StanfordLegion / legion

The Legion Parallel Programming System
https://legion.stanford.edu
Apache License 2.0
668 stars 146 forks source link

Handle Python package that internally dlopen shared libraries #748

Open magnatelee opened 4 years ago

magnatelee commented 4 years ago

Right now, a Python module that loads a shared library can cause problems when the Python code is running on multiple nodes without DCR. In particular, when that shared library contains task implementations, the nodes other than the one that imported the module can't see those tasks, as the shared library hasn't been loaded on those nodes. I briefly discussed this issue with @lightsighter and @elliottslaughter and there seem to be a few options:

  1. Never running Python programs without DCR. This may preclude packages that can't use DCR for some reason (e.g., non-determinism in internal data structures).
  2. A command line flag (e.g., -lg:pyimport) that takes the list of Python modules to preload. This is certainly possible only when the user can provide this list upfront.
  3. Launching remote tasks that call import .... This would be the ugliest solution, but can be done without any changes in the runtime.
  4. A runtime mechanism to globally load a shared library (global dlopen).

My preference is either 1 or 2 as a fallback, but @lightsighter may argue about what we can't force DCR in all cases. @lightsighter @elliottslaughter @streichler any comments/thoughts?

elliottslaughter commented 4 years ago

It would be nice if I could use the C interface for this. I'd rather not be forced to figure out how to do the codegen to call C++ methods. (Even if the first thing I do is convert the C++ objects in C API handles, that still involves going through a C++ shim to get there.)

I'm not quite sure I see how to factor this so that the main Legion doesn't need to be aware of the C API while still going with option (2). My intention with (1) was to provide a way around this so that the core Legion implementation doesn't need special support for the C API.

lightsighter commented 4 years ago

I'm fine with the CodeDescriptor path needing a different type that is based on C types. It won't be hard to make sure a function type. What is still missing is a way for me to invoke a code descriptor myself.

lightsighter commented 4 years ago

Global registration callback functions are now supported in Legion and I've updated all the Legate libraries to use them. The global registration callbacks work correctly both with and without control replication. As in the Legate case, any shared object should be able to request a global registration callback in its constructor in order to ensure that the shared object is loaded on all nodes in the system. The runtime automatically deduplicates them to avoid O(N^2) messages being required to do this loading.
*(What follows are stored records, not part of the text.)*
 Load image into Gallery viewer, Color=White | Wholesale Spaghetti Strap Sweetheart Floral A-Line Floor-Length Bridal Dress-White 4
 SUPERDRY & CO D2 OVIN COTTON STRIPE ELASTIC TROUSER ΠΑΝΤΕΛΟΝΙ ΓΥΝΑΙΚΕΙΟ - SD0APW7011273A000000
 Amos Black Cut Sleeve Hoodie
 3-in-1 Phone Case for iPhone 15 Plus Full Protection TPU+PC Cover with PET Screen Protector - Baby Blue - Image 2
I'm still open to the CodeDescriptor path, but I need to have a way to invoke the CodeDescriptor at the Legion level, which I don't believe that I have any way to do at the moment. Here would be the C type though for the function that the CodeDescriptor should contain:

void (*)(legion_machine_t, legion_runtime_t, legion_processor_t*, size_t)
elliottslaughter commented 4 years ago

I assume the CodeDescriptor issue is really a Realm thing? It seems like we have a path for generating tasks, just not a path for generating function pointers.

lightsighter commented 4 years ago

I assume the CodeDescriptor issue is really a Realm thing?

Yes, there's no way to invoke a generic code descriptor in Realm today. I would effectively have to write a shim that wraps the code descriptor into another code descriptor that has the right type for a Realm task so I can run it. I don't know how to do that for a code descriptor today which could be anything internally.

It seems like we have a path for generating tasks, just not a path for generating function pointers.

To be clear, I don't need a function pointer as I will identify the function by its shared object name and its symbol name in that shared object. What I do need though is a way to run the code inside of the code descriptor object with arguments that I control.

lightsighter commented 4 years ago

An update to this issue: despite my best efforts, we've concluded that it is unsafe to call perform_registration_callback inside of dlopen, not because of anything that Legion does, but because Realm can't make new threads when inside of dlopen due to issues with TLS.

Is the only thing missing before we close this issue support for a "payload" of opaque data requested by @elliottslaughter? Anything else? I know that all the Legate libraries are working with this code so I'm confident it is working well.